(a). Field of the Invention
This invention is related to the field of frame rate conversion, and especially to the method for frame rate conversion using two buffers.
(b). Description of the Prior Arts
For a display device, such as a CRT or LCD display, frame rate conversion (FRC) is needed when the input frame rate is different from the output frame rate that the display supports, or when two different sources of input frame are to be outputted jointly in one output frame rate. The frame rate, in this aspect, is defined as the number of frames being processed in a unit time. For example, in a commonly used personal computer system, frame rate conversion is needed because the input frame rate from the display card (e.g. VGA card) to the display might be different from the refresh frequency of the display device (i.e. the output frame rate of the display device, which is usually set at 60 Hz). FIG. 1A is a diagram illustrating frame rate conversion. In FIG. 1A, in the aspect of inputting, the display writes a frame into a buffer at each clock period of an input vertical synchronization (v-sync) signal; in the aspect of outputting, the display reads a frame from the buffer at each clock period of an output v-sync signal. In FIG. 1A, the oblique line region represents the part of a frame that actually contains image data, while the porch does not contain any image data. Due to the difference in the input and output frame rates (the period for the input v-sync signal is different from that of the output v-sync signal), frame rate conversion is needed.

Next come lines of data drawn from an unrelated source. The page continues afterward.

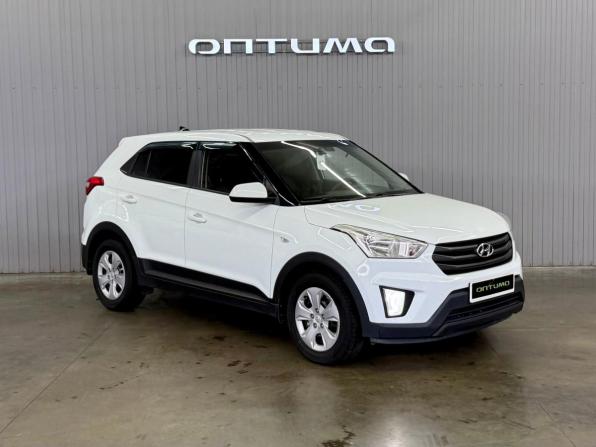 Hyundai Creta I с пробегом 2018 года, цена 1 457 000 рублей, 184662 км, внедорожник, Автокод Объявления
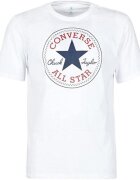 Converse Tricou unisex Chuck Patch Core 10025459-102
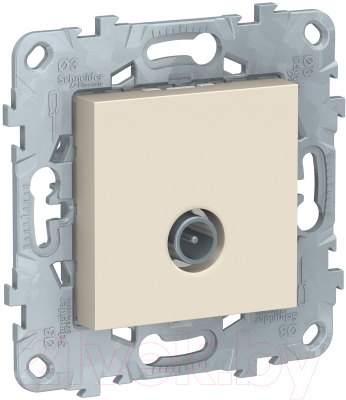 Розетка Schneider Electric Unica NU546344 - фото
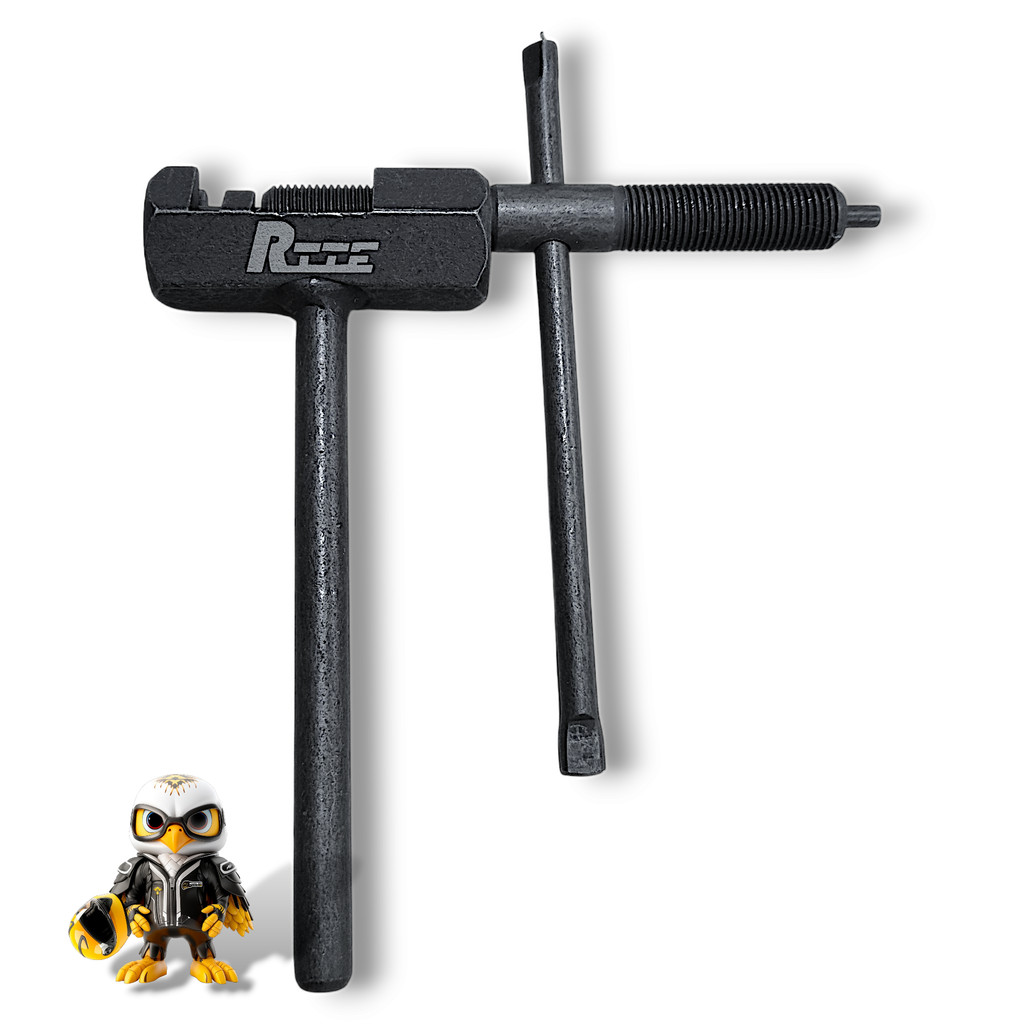 Extrator Pino Elos De Corrente Moto 428/428H Mod Original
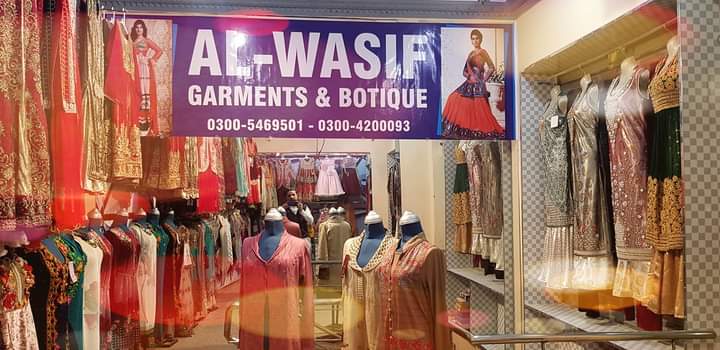 Al Wasif Garments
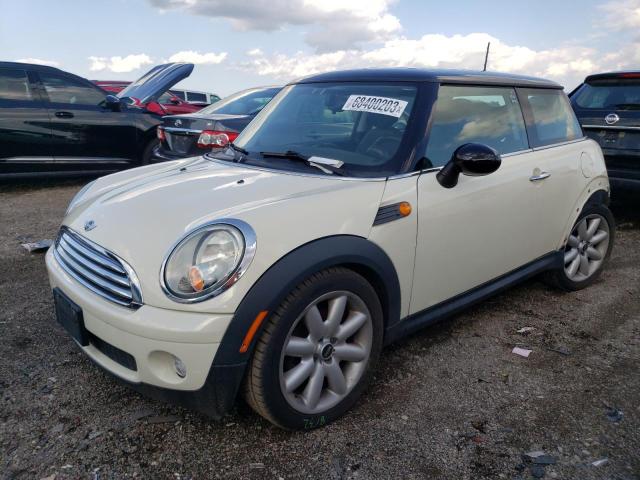 Mini Cooper (2009)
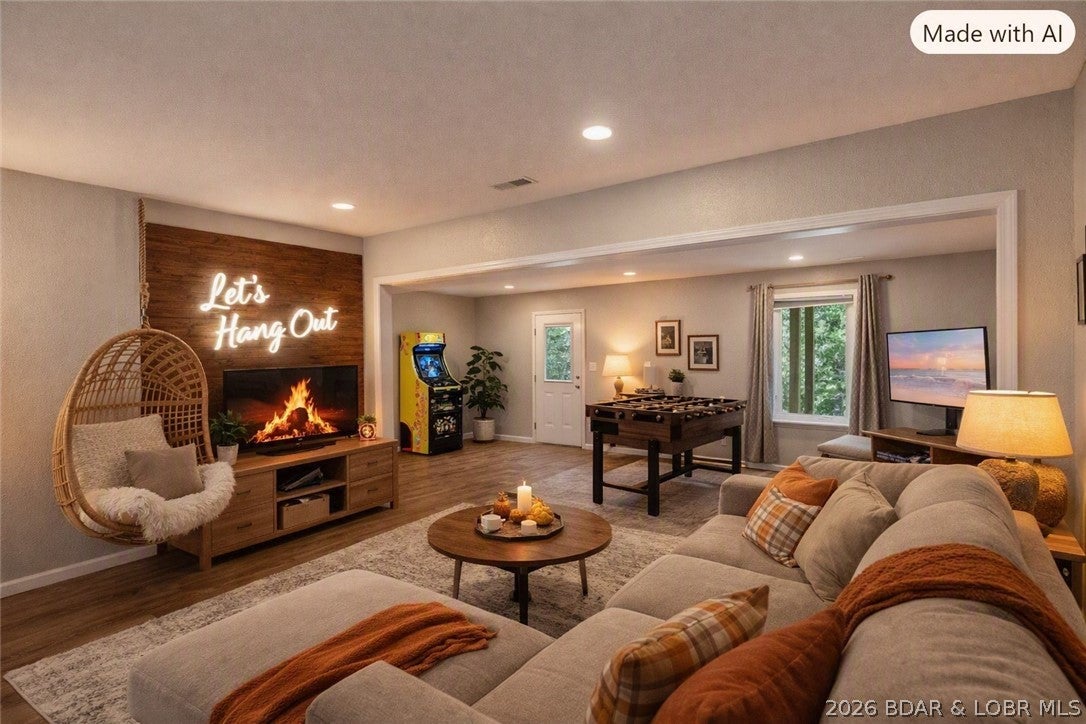 Villas in the Park - Residential
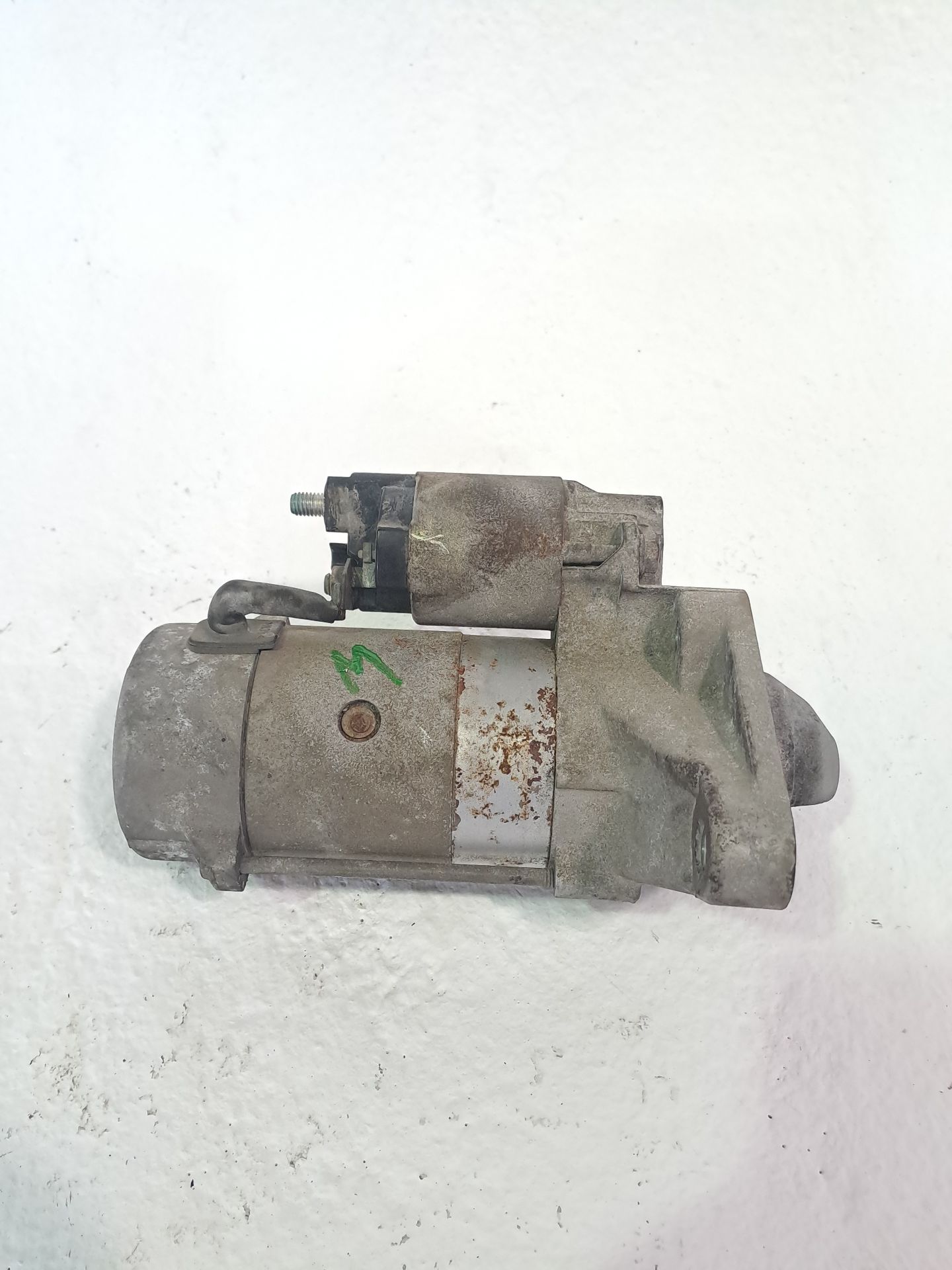 MOTOR ARRANQUE KIA CARNIVAL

A frame buffer is usually used to temporarily store the frame data when frame rate conversion is performed. However, this practice is prone to frame tearing, that is, the top and bottom parts of an actual displayed frame contain image data belonged to different frames. The frame tearing is due to the limited space of the frame buffer. When the difference between the rates of inputting/outputting frame data to/from the buffer is larger than a certain level, either the currently inputted or outputted frame will chase to surpass the previous frame data.
The conventional method for solving this problem is to make use of two frame buffers (denoted as the first and the second buffers). Each frame buffer can store one frame. FIG. 1B is a diagram illustrating the conventional method for solving the problem of frame tearing. It is assumed in this figure that the input frame rate is slower than the output frame rate for the display. The “BUF 1” or “BUF 2” in each oblique line region shows that the region is accessed from the first buffer or the second buffer. The characteristic of the conventional method is that the switching and selection of the buffer is made according to the pulse of the v-sync signal, and the time points of switching and selection are shown by the arrows in FIG. 1B.
However, this conventional method cannot totally avoid the problem of frame tearing. Since the time points of switching and selection are determined according to the pulses of the v-sync signal, it is still inevitable to have the same buffer being read out and write to at the same time, e.g. as shown by the oblique line regions 11-12 and 13-14 in FIG. 1B.